Hernandez said police had detained her and others before taking them to their homes. Around an hour after midnight, the group said three of the 14 detained were still out of contact.
The San Isidro Movement had been little known before it publicized the protest on social media, uniting Cuba’s normally fractious opposition groups in sympathy and drawing criticism of authorities by human rights group such as Amnesty International.
The movement was founded in 2018 to oppose a new decree limiting freedom of speech, often through irreverent artistic performances, and it has had numerous run-ins with Cuba’s Communist authorities that frown on public dissent.
After group members protested against an eight-month jail sentence for rapper Denis Solis on charges of contempt, security forces besieged its headquarters earlier this month.
Eight members and supporters of the movement then declared a hunger strike and said some were not drinking water either.
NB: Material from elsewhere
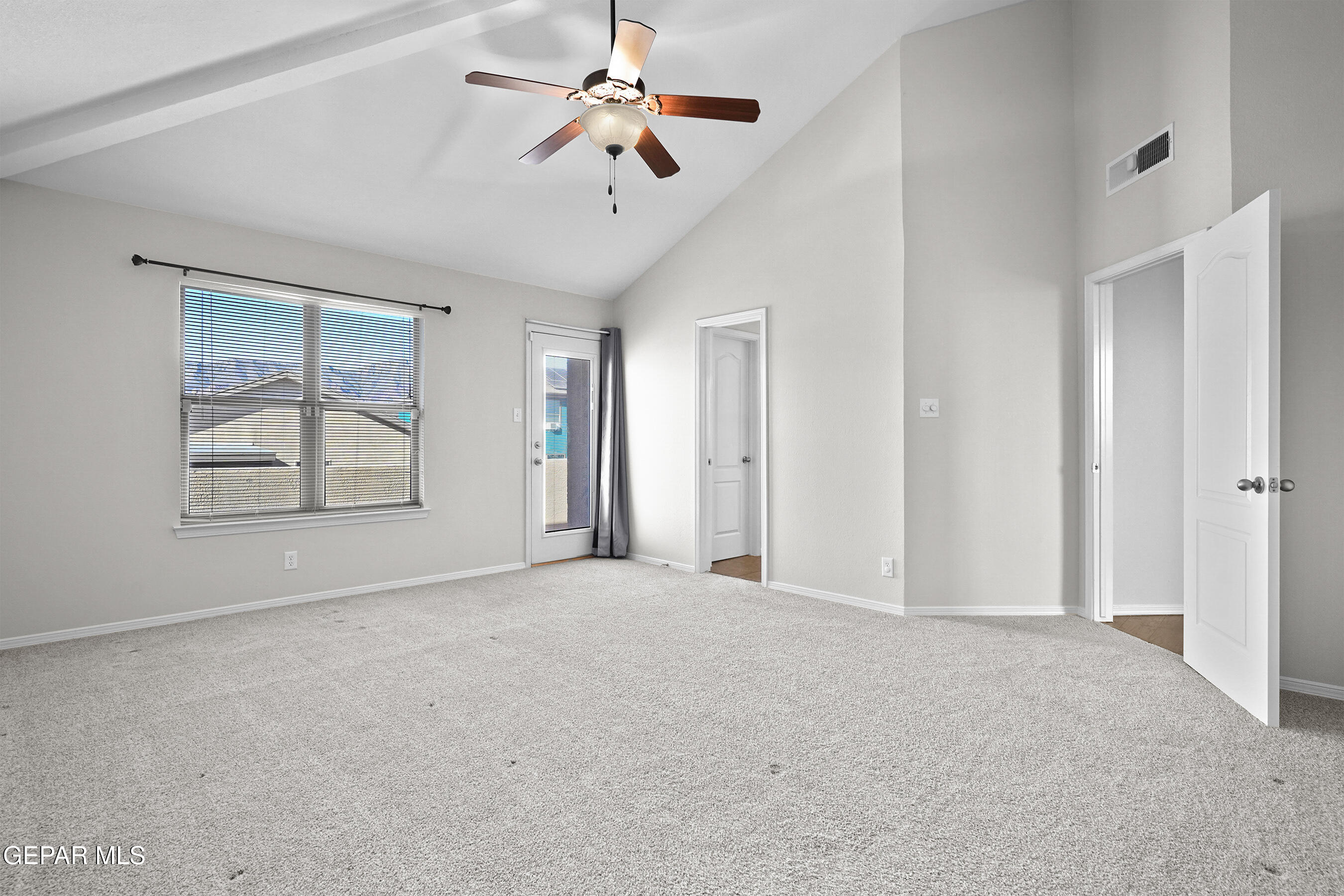 11265 CATTLE RANCH Street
Reuters could not independently verify this as security forces blocked access to the premises.
Coming amid Cuba’s worst economic crisis since the fall of the Soviet Union, the events have galvanized some Cubans who usually shy away from talking politics to criticize the government’s handling of the situation.
Prominent Cuban artists like musicians Carlos Varela and Haydee Milanes and filmmakers Carlos Lechuga and Claudia Calvino called for the government to show tolerance.
“We called for dialogue,” Milanes wrote on Facebook on Thursday night. “We have not been listened to.”
The activists who had already been freed on Thursday night vowed to keep on fighting. “Denis Solis remains imprisoned,” critically acclaimed writer Carlos Manuel Alvarez wrote on Facebook. “We cannot leave him alone.”
The government said it was the fact Alvarez joined the strikers without notifying authorities of his change of address shortly after arriving in the country from the United States that prompted it to take action on Thursday.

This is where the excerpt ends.